**WHAT YOU HAVE TO DO**: Reproduce exactly, and only, the lines of the material below running from the line bearing "Bei der ersten" through the line bearing "In Vendee Near Sandy Beaches בית נופש". Leave any pictures out.

**TASK DATA**:
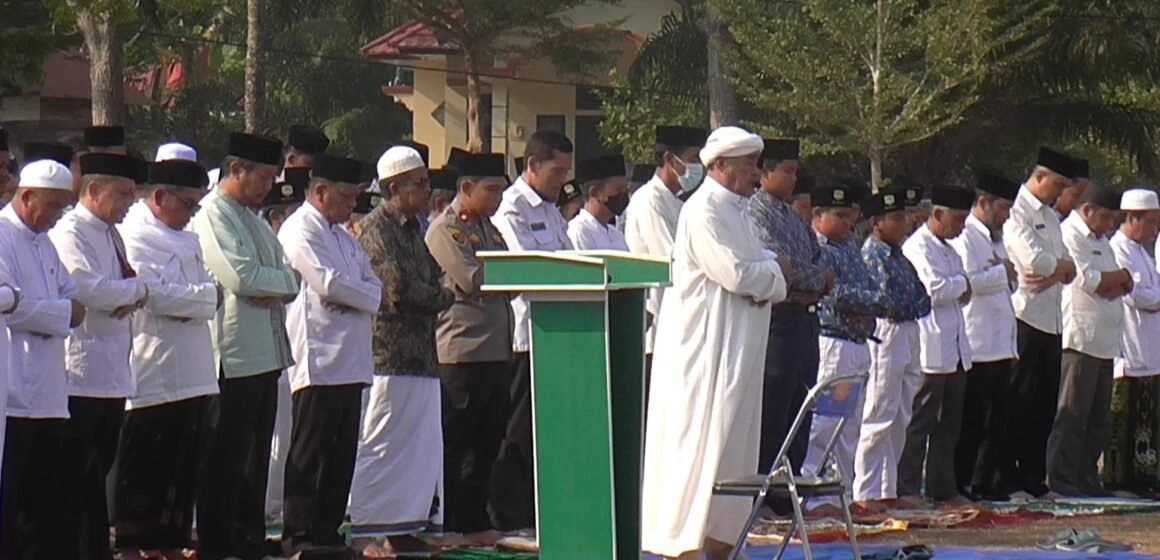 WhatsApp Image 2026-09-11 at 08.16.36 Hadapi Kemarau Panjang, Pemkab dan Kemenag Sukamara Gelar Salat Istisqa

---

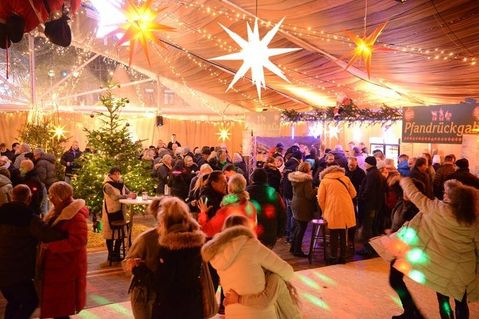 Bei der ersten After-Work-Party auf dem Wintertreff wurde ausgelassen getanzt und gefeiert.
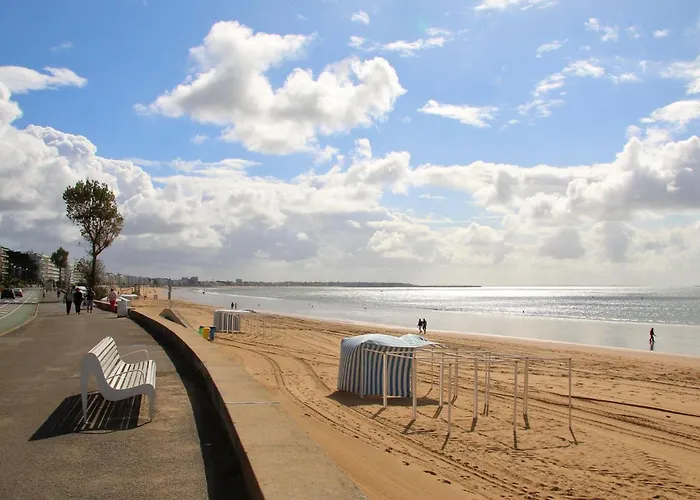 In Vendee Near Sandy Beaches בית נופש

--

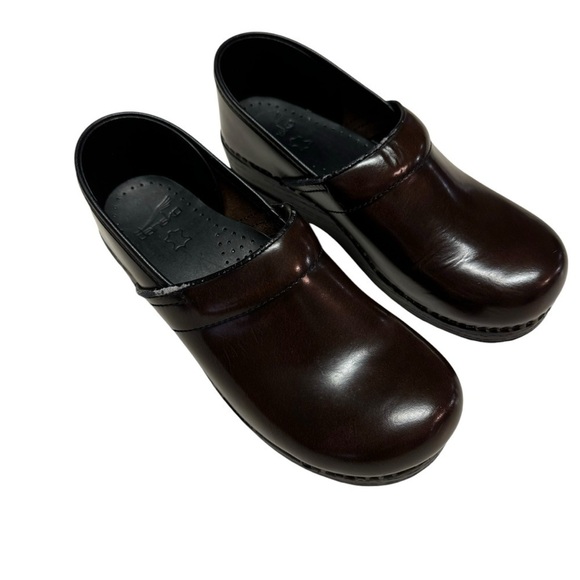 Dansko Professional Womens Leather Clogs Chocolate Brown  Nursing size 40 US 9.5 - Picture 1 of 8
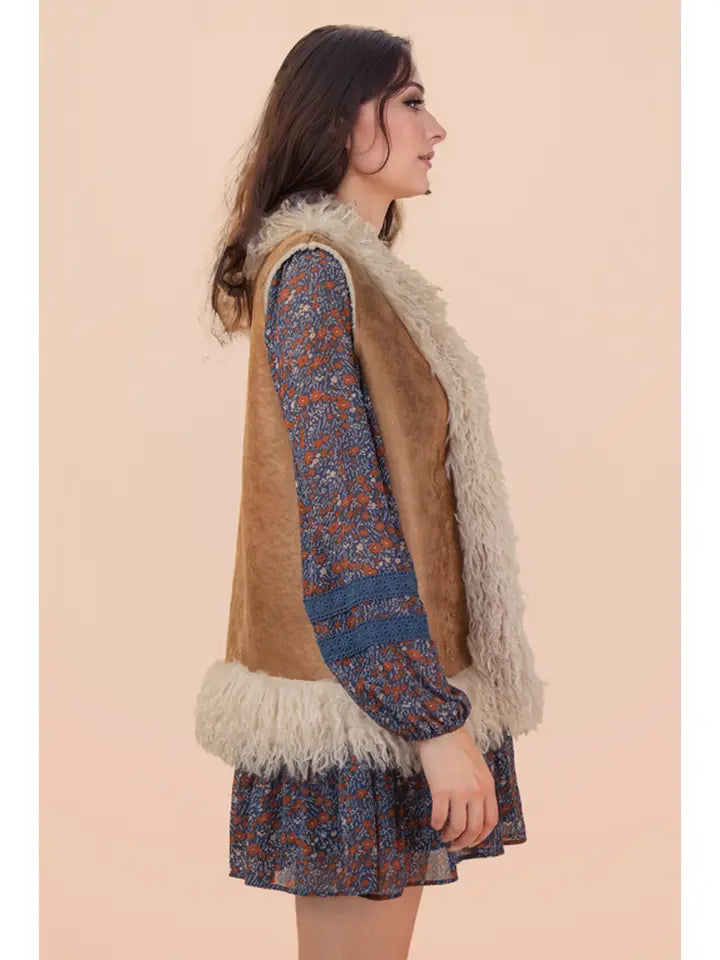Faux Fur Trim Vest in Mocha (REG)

**SOLUTION FOR THIS TASK**:
 Bei der ersten After-Work-Party auf dem Wintertreff wurde ausgelassen getanzt und gefeiert.
 In Vendee Near Sandy Beaches בית נופש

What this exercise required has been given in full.